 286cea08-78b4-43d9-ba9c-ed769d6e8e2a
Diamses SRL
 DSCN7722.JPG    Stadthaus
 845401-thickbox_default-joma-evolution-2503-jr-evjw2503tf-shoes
◆ ◆ ◆ ◆ ◆ ◆ ◆
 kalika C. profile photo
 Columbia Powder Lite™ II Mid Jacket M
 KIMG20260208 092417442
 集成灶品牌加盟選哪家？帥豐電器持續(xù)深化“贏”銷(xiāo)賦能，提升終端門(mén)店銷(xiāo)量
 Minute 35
◆ ◆ ◆ ◆ ◆ ◆ ◆
[Work task]:
Begin with the line that has "286cea08-78b4-43d9-ba9c-ed769d6e8e2a" in the listing above and end after the line that has "845401-thickbox_default-joma-evolution-2503-jr-evjw2503tf-shoes"; output those lines exactly.

[Written response]:
 286cea08-78b4-43d9-ba9c-ed769d6e8e2a
Diamses SRL
 DSCN7722.JPG    Stadthaus
 845401-thickbox_default-joma-evolution-2503-jr-evjw2503tf-shoes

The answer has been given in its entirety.